Overshooting at low Péclet number

Aug 15, 2022 09:53 · 357 words · 2 minute read astronomy science research

I sometimes have research ideas that I think are cool, but that don’t make sense for me to pursue. I generally just make a note of them and move on. This is the 25th post in a series describing some of the ideas I’ve accumulated. This idea is based on discussions and calculations with Matteo Cantiello, Daniel Lecoanet, Evan Anders, Eoin Farrell, Yan-Fei Jiang, Lars Bildsten, and Will Schultz.

Overshooting at low Péclet number

What’s the idea?

Convection zones are often bounded on one side or the other by a stably stratified layer.

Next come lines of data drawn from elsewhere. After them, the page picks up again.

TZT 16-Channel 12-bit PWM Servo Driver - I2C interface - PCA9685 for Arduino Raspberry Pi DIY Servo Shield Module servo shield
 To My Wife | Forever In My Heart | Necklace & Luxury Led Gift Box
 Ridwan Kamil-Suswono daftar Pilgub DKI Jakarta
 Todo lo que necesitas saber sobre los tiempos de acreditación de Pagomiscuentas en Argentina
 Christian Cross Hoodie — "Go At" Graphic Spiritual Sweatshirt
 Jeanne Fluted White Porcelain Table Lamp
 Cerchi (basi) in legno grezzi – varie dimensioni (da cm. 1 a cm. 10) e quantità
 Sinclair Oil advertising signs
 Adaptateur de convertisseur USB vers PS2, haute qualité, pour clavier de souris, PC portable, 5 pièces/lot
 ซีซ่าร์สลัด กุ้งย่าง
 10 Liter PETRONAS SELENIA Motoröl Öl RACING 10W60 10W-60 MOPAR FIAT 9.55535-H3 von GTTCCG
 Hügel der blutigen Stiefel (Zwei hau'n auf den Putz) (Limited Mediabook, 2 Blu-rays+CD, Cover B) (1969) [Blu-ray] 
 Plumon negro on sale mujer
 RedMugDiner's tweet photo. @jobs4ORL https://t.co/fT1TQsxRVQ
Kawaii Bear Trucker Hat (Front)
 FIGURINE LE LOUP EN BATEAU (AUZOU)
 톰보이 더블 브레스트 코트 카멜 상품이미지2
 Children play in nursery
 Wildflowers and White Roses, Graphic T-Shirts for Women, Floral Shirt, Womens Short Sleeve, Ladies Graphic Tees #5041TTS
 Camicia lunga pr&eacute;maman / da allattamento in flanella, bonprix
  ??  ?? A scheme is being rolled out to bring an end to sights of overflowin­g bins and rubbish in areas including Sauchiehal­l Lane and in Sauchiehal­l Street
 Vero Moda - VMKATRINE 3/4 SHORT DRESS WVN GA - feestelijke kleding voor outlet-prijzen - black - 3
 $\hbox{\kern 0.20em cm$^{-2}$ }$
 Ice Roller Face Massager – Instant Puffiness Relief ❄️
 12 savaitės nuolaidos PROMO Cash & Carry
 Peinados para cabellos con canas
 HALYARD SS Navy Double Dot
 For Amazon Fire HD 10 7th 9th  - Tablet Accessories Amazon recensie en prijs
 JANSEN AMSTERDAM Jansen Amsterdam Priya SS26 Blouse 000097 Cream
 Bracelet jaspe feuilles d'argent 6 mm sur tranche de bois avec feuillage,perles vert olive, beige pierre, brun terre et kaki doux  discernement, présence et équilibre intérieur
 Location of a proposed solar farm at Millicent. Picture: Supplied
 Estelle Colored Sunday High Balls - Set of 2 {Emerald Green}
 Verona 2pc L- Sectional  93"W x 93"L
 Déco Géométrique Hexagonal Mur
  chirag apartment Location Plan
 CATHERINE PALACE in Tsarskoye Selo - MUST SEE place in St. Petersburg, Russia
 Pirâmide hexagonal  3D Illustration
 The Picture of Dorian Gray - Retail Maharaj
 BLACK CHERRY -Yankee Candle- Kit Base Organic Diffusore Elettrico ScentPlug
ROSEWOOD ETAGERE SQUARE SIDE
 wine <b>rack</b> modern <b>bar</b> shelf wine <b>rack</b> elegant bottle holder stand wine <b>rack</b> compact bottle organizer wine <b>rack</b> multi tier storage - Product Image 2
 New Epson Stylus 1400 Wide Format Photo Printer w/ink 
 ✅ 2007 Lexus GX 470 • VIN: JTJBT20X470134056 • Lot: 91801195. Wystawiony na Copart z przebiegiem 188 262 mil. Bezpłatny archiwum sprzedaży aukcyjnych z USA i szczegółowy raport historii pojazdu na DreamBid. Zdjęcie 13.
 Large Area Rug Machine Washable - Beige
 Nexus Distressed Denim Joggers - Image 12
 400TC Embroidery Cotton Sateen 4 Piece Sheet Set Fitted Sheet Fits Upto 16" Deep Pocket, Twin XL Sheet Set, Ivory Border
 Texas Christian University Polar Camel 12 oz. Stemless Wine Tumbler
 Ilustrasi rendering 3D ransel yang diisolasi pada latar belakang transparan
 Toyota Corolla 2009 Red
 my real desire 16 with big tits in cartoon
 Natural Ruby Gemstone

Usually this stable stratification prevent much mixing/turbulence from developing, so that the only signatures of the convection that propagate through the stable layer are waves.

At low Péclet number, however, the thermal diffusivity is large so plumes of material moving through the stable layer rapidly equilibrate to the entropy of their surroundings. This reduces the buoyant stabilization force, allowing material to move more freely through the stable layer.

Why is this important?

Many stars have stably stratified layers above convection zones, particularly in massive stars with subsurface convection zones. In these stars, any motion we see at the surface must have propagated through a low-Péclet stable layer first, so understanding that propagation matters for connecting theories of convection with observations of e.g. surface motion.

How can I get started?

I think this problem really requires simulations. The intuition here is that at zero Péclet number the inviscid equations do not support waves (e.g. there is no linearized limit). It follows that nonlinearities matter, and that suggests performing numerical simulations.

The setup I’d suggest is:

  • Input a random forcing at the bottom of a stably stratified domain with low Péclet number.
    • The precise forcing shouldn’t matter. I’d just make sure there’s some power at all horizontal wavevectors.
  • This problem matters the most in stellar envelopes, so a Cartesian box geometry is fine.
  • Radiation transport may matter in very massive stars, but for a start I’d ignore that.

The outputs of interest are:

  • How the kinetic energy and spectrum vary as a function of height in the domain.
    • How (if at all) density stratification affects these.